Special issue: Predictions under change: water, earth, and biota in the anthropocene...

Hydrol. Earth Syst. Sci., 18, 3449-3459, 2014
https://doi.org/10.5194/hess-18-3449-2014
© Author(s) 2014. This work is distributed under
the Creative Commons Attribution 3.0 License.

Research article 08 Sep 2014

Research article | 08 Sep 2014

Infrastructure sufficiency in meeting water demand under climate-induced socio-hydrological transition in the urbanizing Capibaribe River basin – Brazil

A. Ribeiro Neto1, C. A. Scott2, E. A. Lima3, S. M. G. L. Montenegro1, and J. A. Cirilo4 A. Ribeiro Neto et al.
  • 1Department of Civil Engineering, Federal University of Pernambuco, Recife, Brazil
  • 2School of Geography & Development and Udall Center for Studies in Public Policy, University of Arizona, Tucson, USA
  • 3Campus Professora Cinobelina Elvas, Federal University of Piauí, Bom Jesus, Brazil
  • 4Academic Center of Agreste, Federal University of Pernambuco, Caruaru, Brazil

Abstract. Water availability for a range of human uses will increasingly be affected by climate change, especially in the arid and semiarid tropics. The main objective of this study is to evaluate the infrastructure sufficiency in meeting water demand under climate-induced socio-hydrological transition in the Capibaribe River basin (CRB).

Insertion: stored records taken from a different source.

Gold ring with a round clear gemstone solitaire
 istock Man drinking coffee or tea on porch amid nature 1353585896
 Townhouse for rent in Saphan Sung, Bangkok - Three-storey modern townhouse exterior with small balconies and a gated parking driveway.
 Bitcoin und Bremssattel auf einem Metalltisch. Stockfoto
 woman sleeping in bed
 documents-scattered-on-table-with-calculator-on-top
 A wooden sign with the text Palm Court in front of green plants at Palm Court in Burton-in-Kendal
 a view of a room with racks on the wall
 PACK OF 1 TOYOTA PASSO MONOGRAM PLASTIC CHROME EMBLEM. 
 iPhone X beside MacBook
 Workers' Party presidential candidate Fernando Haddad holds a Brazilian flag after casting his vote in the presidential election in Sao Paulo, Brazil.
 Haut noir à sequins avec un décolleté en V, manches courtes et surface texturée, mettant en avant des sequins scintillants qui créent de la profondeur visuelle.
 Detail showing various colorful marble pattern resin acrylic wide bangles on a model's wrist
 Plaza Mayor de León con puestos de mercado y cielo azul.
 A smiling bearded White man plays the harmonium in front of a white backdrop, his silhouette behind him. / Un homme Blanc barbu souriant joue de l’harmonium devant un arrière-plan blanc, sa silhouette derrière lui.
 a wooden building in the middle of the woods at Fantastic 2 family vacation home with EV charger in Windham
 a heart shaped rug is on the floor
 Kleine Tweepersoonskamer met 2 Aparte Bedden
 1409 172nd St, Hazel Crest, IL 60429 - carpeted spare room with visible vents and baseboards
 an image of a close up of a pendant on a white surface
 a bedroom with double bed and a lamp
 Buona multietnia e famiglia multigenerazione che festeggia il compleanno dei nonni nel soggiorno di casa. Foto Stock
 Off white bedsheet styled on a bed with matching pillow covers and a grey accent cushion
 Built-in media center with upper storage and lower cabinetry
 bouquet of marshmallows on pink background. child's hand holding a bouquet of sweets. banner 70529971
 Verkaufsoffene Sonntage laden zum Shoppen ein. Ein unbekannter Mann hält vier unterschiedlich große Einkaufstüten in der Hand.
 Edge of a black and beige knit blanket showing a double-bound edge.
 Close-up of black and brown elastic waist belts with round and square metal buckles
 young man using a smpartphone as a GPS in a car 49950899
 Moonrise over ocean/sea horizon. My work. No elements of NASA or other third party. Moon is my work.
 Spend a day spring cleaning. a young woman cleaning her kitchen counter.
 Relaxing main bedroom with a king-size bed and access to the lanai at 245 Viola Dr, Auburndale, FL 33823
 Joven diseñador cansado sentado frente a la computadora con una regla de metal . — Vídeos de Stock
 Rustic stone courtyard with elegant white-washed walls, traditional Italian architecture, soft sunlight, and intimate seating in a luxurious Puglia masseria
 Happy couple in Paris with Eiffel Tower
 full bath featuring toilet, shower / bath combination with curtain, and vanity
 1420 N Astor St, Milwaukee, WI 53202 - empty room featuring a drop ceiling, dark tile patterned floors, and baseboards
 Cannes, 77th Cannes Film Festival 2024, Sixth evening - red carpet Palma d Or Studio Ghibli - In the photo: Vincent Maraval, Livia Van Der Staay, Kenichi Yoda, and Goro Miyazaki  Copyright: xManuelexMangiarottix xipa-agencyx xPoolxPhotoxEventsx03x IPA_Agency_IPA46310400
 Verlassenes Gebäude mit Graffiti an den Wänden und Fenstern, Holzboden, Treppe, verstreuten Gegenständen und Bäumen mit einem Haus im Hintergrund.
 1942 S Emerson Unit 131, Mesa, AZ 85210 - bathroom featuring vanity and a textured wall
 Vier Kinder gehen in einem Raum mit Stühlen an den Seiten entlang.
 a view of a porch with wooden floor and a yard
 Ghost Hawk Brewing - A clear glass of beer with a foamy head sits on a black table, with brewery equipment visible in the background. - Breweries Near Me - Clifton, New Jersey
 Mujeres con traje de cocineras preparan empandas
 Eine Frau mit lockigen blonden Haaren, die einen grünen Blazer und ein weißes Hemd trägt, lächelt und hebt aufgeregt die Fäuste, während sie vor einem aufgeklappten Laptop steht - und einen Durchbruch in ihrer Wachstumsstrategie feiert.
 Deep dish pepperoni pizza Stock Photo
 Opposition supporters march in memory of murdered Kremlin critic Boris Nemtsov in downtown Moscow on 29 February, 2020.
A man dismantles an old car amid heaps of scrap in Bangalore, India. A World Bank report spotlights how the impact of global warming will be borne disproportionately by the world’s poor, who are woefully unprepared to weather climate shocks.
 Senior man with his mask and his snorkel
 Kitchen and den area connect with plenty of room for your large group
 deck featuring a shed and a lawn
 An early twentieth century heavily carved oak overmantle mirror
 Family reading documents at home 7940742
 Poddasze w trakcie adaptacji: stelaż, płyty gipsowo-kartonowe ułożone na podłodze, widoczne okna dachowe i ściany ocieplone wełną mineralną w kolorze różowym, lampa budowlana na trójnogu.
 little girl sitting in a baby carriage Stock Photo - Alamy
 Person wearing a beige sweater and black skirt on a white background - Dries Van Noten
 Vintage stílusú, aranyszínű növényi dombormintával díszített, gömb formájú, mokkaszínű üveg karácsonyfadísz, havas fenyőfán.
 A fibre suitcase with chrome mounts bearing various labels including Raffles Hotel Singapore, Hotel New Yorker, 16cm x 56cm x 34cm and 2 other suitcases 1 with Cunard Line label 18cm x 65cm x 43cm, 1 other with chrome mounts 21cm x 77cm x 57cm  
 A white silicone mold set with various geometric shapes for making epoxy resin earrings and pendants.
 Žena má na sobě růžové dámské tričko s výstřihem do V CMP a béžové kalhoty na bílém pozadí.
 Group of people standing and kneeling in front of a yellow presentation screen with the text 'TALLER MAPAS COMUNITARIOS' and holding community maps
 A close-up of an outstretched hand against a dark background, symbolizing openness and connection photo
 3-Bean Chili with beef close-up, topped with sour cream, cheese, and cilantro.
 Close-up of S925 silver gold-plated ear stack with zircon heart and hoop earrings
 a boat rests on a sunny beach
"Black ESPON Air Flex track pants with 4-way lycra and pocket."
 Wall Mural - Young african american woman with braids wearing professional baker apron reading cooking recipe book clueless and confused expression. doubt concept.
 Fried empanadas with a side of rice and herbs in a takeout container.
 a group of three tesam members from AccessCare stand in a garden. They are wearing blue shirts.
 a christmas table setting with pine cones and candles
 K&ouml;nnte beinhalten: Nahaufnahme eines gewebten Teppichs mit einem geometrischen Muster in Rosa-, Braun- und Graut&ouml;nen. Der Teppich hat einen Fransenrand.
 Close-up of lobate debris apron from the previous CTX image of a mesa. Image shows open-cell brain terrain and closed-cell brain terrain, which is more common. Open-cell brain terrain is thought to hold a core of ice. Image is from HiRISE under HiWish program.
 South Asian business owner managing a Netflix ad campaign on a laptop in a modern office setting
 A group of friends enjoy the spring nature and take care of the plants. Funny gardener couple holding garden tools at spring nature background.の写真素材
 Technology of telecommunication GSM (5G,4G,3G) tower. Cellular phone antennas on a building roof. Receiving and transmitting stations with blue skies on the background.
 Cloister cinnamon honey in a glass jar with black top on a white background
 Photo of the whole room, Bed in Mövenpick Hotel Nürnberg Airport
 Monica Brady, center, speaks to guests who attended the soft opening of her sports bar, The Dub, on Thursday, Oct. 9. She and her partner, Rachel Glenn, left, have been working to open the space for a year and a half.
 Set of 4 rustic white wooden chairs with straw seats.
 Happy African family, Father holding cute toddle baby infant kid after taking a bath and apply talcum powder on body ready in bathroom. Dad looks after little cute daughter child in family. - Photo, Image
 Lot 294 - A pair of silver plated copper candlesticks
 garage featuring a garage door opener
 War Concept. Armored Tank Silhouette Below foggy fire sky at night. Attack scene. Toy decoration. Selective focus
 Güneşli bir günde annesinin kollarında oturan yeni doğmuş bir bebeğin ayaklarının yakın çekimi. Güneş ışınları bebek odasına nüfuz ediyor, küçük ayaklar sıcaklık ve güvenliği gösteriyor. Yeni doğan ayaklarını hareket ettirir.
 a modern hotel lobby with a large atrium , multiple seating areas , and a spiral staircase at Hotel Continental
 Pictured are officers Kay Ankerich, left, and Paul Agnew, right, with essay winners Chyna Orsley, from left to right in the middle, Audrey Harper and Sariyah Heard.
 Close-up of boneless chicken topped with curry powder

The basin has experienced spatial and sectoral (agriculture-to-urban) reconfiguration of water demands. Human settlements that were once dispersed, relying on intermittent sources of surface water, are now larger and more spatially concentrated, which increases water-scarcity effects. Based on the application of linked hydrologic and water-resources models using precipitation and temperature projections of the IPCC SRES (Special Report: Emissions Scenarios) A1B scenario, a reduction in rainfall of 26.0% translated to streamflow reduction of 60.0%. We used simulations from four members of the HadCM3 (UK Met Office Hadley Centre) perturbed physics ensemble, in which a single model structure is used and perturbations are introduced to the physical parameterization schemes in the model (Chou et al., 2012). We considered that the change of the water availability in the basin in the future scenarios must drive the water management and the development of adaptation strategies that will manage the water demand. Several adaptive responses are considered, including water-loss reductions, wastewater collection and reuse, and rainwater collection cisterns, which together have potential to reduce future water demand by 23.0%. This study demonstrates the vulnerabilities of the infrastructure system during socio-hydrological transition in response to hydroclimatic and demand variabilities in the CRB and also indicates the differential spatial impacts and vulnerability of multiple uses of water to changes over time. The simulations showed that the measures proposed and the water from interbasin transfer project of the São Francisco River had a positive impact over the water supply in the basin, mainly for human use. Industry and irrigation will suffer impact unless other measures are implemented for demand control.